Short descriptive text snippets:
=== Section Start ===

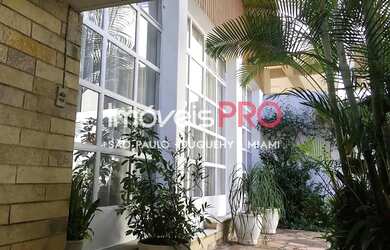 Imagem 4: Casa em Moema de 237m² com piscina e churrasqueira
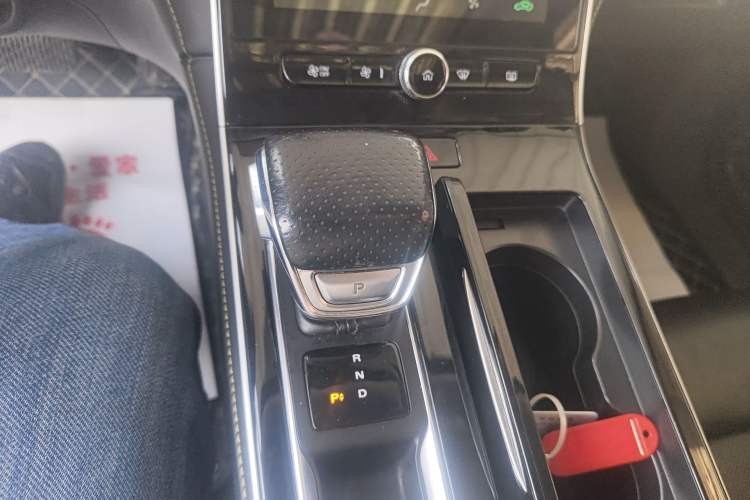 Used Roewe i6 MAX New Energy 2022 EV 500 Grand Touring Edition with Sunroof Gear Lever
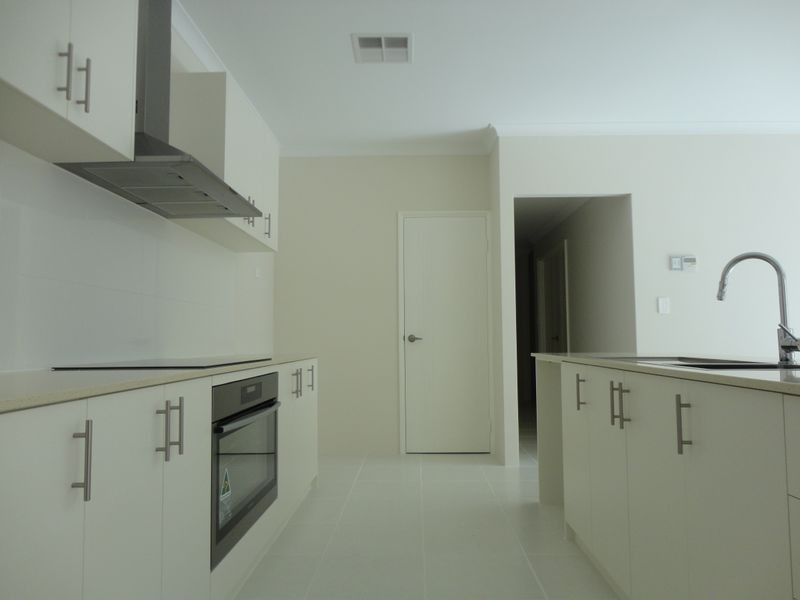 27 Kirkby Circuit, Wellard WA 6170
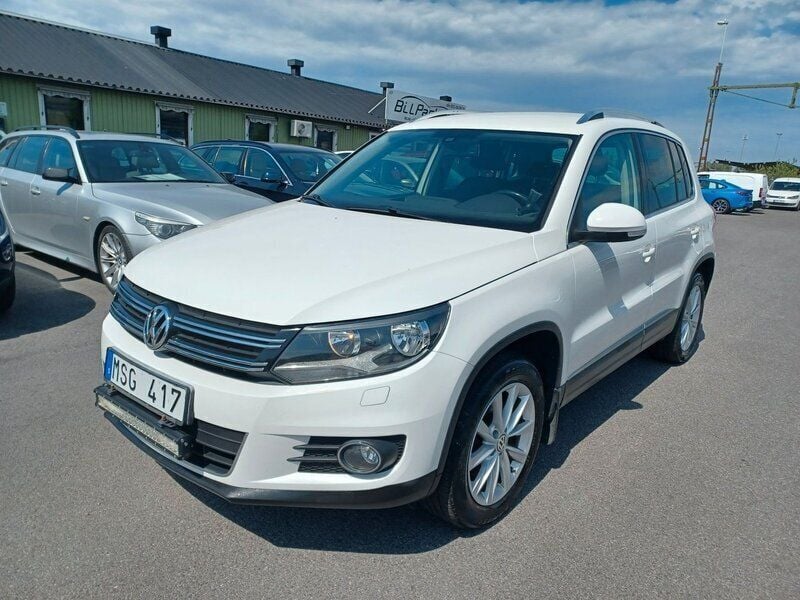 Vit Begagnad 2012 VW Tiguan Sportline SUV | 94 900 kr (Marknadspris) - Bild 1/2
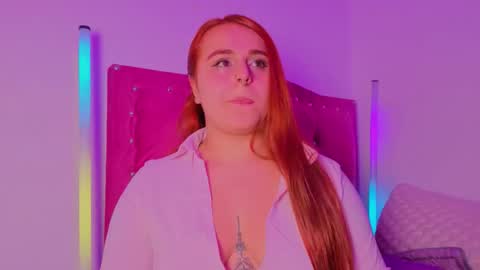 EVY online show from November 2025 02:24:01 AM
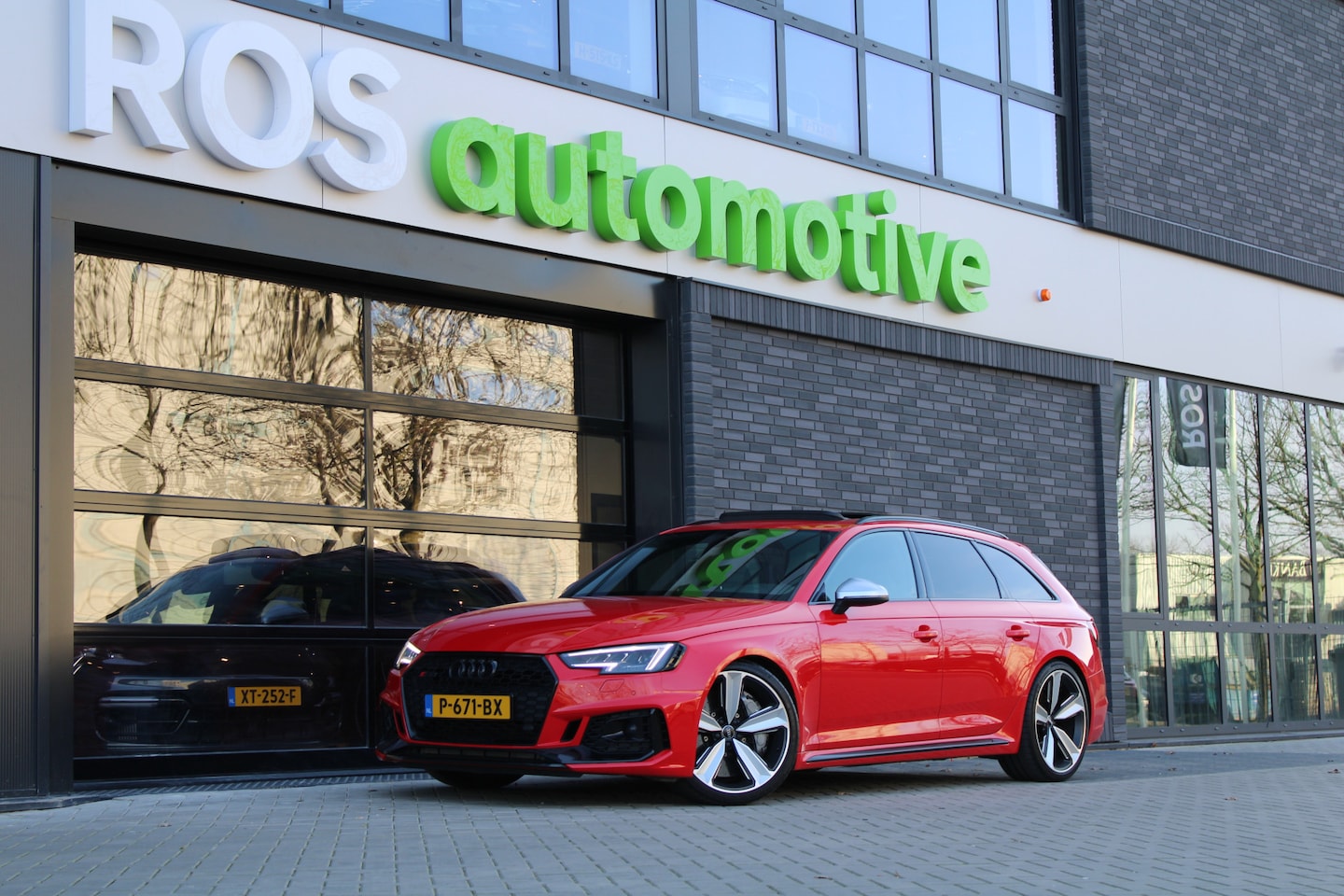 Audi RS4 - Avant 2.9 TFSI RS 4 quattro | PANO | KERAMISCH | MASSAGE | HUD | KEYLESS | - AutoWereld.nl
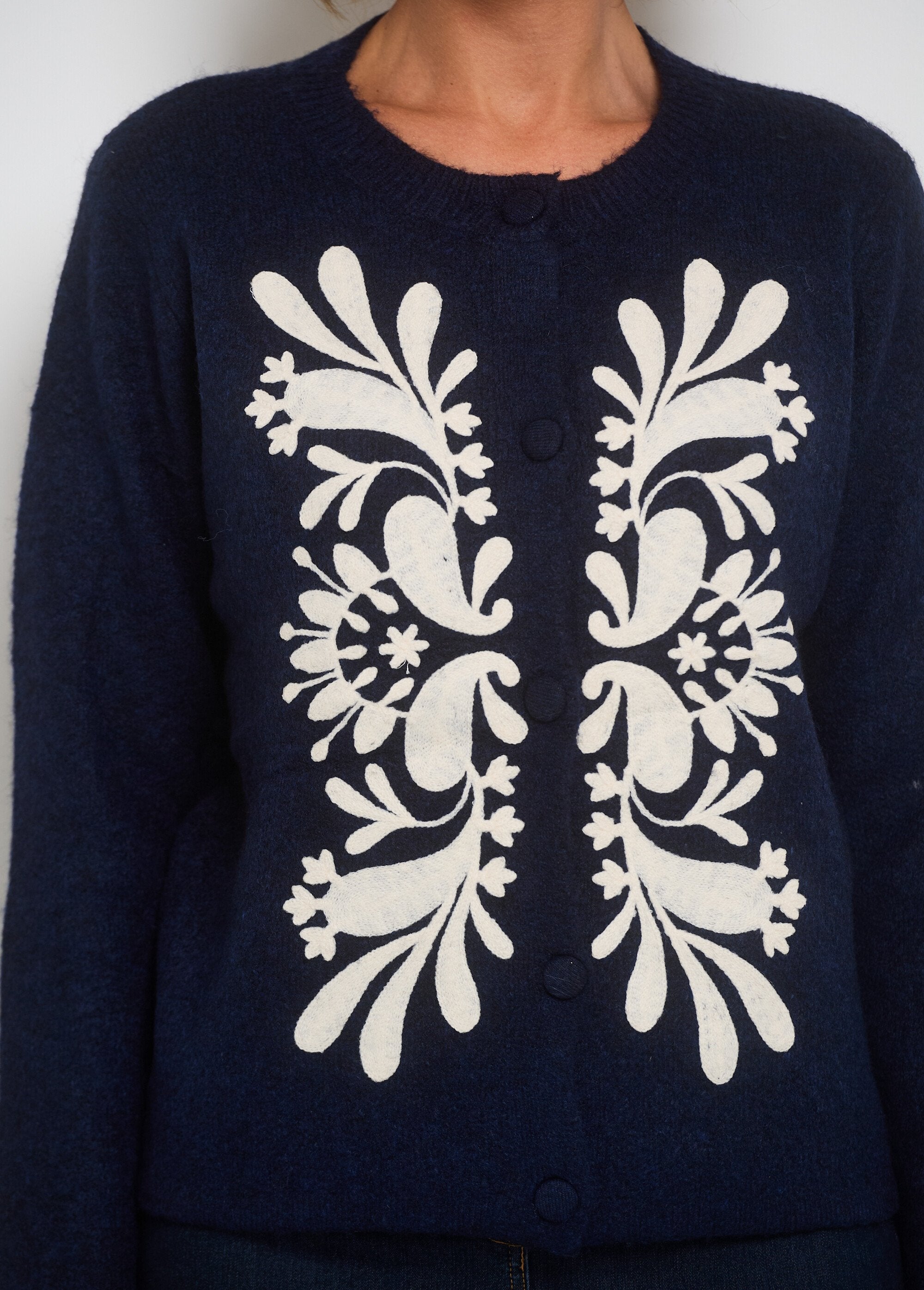 Warm_vest_with_fancy_appliqué_patterns_Marine_DE1_slim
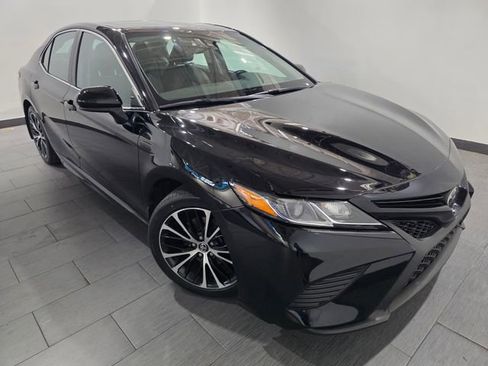 Used 2020 Toyota Camry SE FWD image 7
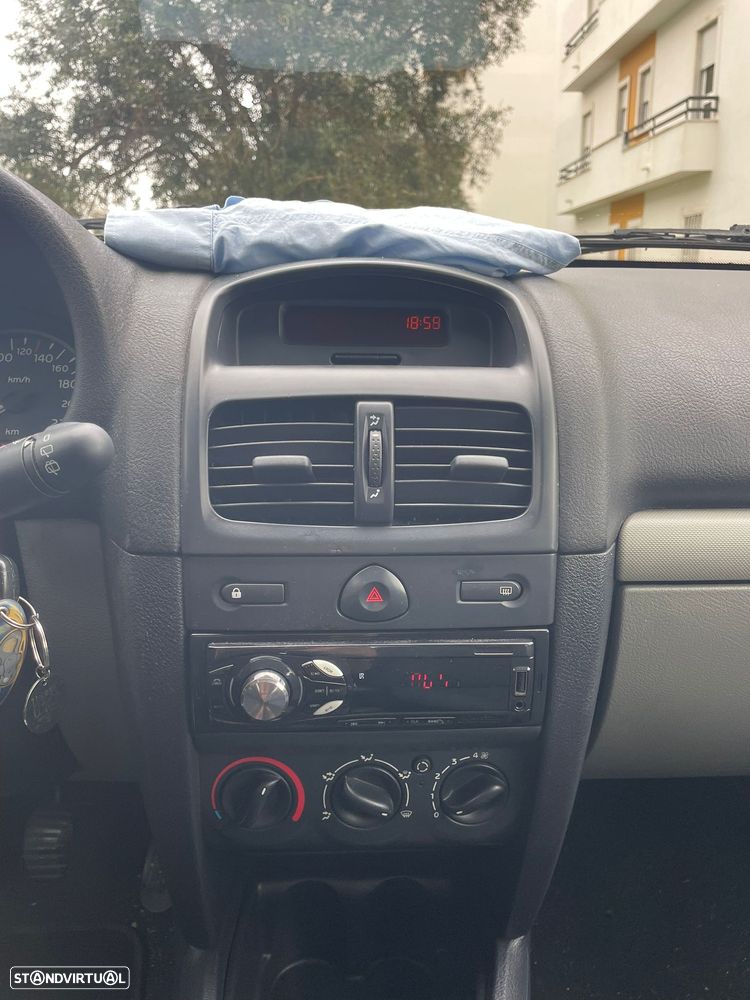 Renault Clio 1.2 16V Extreme - 7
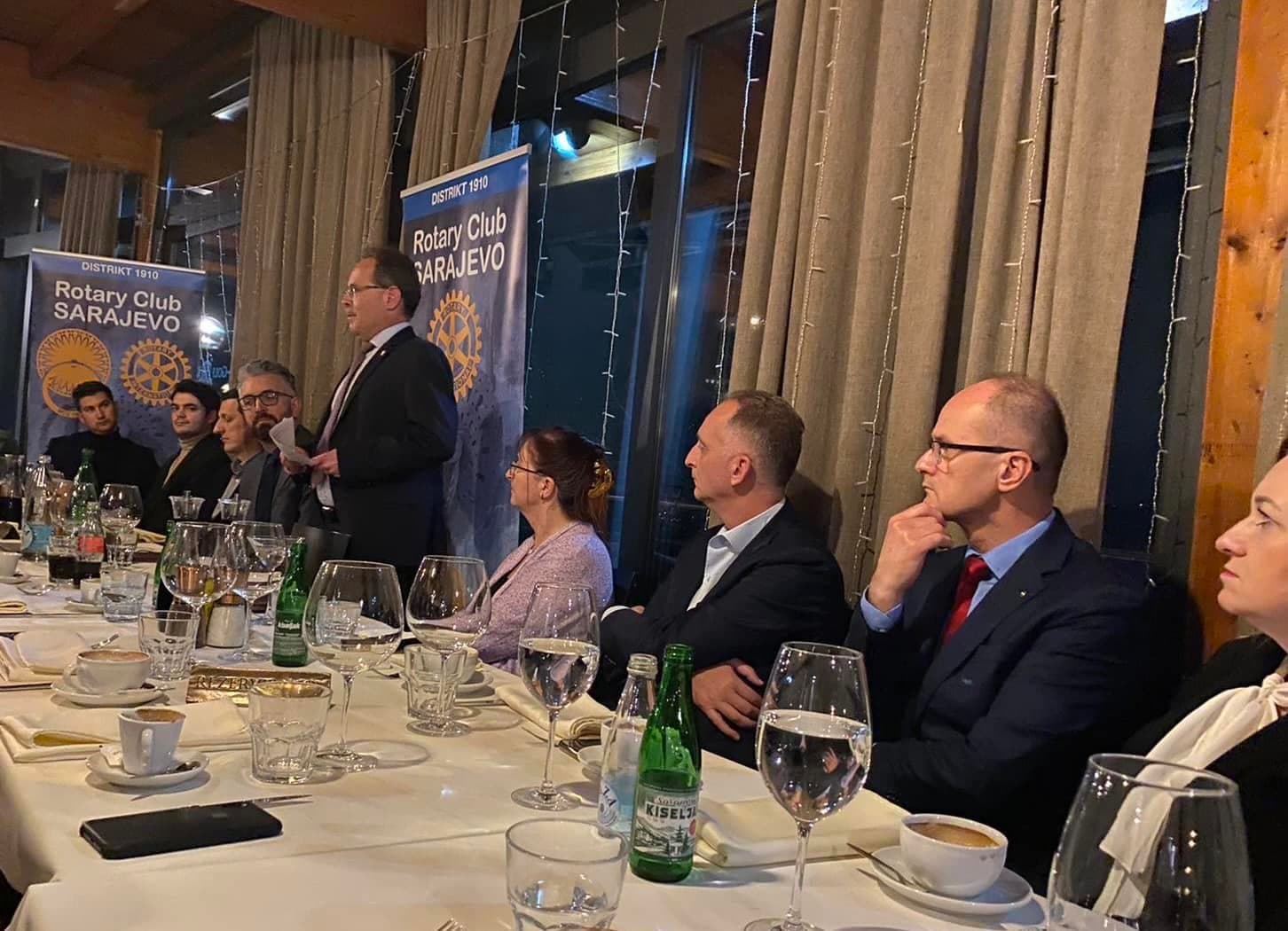 Ambassador Daniel Hunn visits the club - pregled slike 2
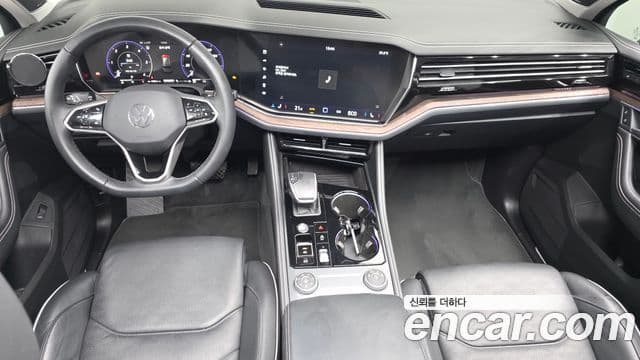 Volkswagen Touareg 2024 — Photo 3/20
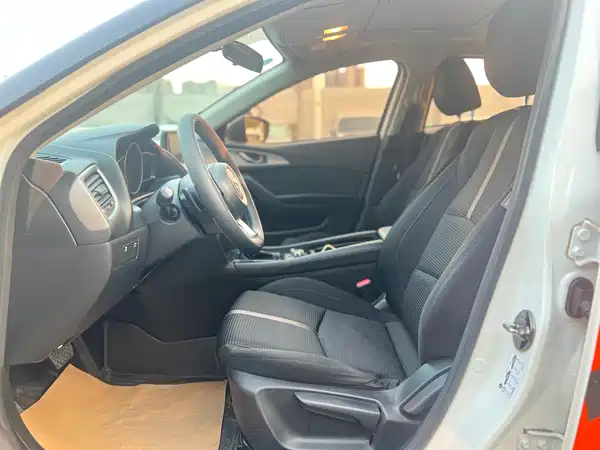 Mazda 3 Axela 2017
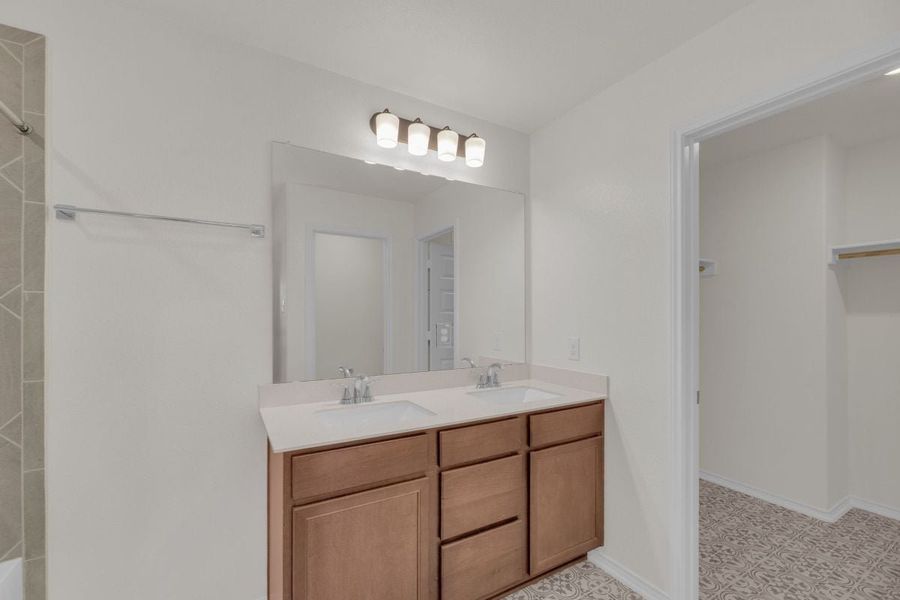 Furnished interior view inside a new home in Hidden Trails, Belton (Image 13).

=== Section End ===

Reproduce the records above exactly, but only from the line containing "Used 2020 Toyota Camry SE FWD image 7" through the last line, both included, and without any pictures.

*Answer to this problem*
 Used 2020 Toyota Camry SE FWD image 7
 Renault Clio 1.2 16V Extreme - 7
 Ambassador Daniel Hunn visits the club - pregled slike 2
 Volkswagen Touareg 2024 — Photo 3/20
 Mazda 3 Axela 2017
 Furnished interior view inside a new home in Hidden Trails, Belton (Image 13).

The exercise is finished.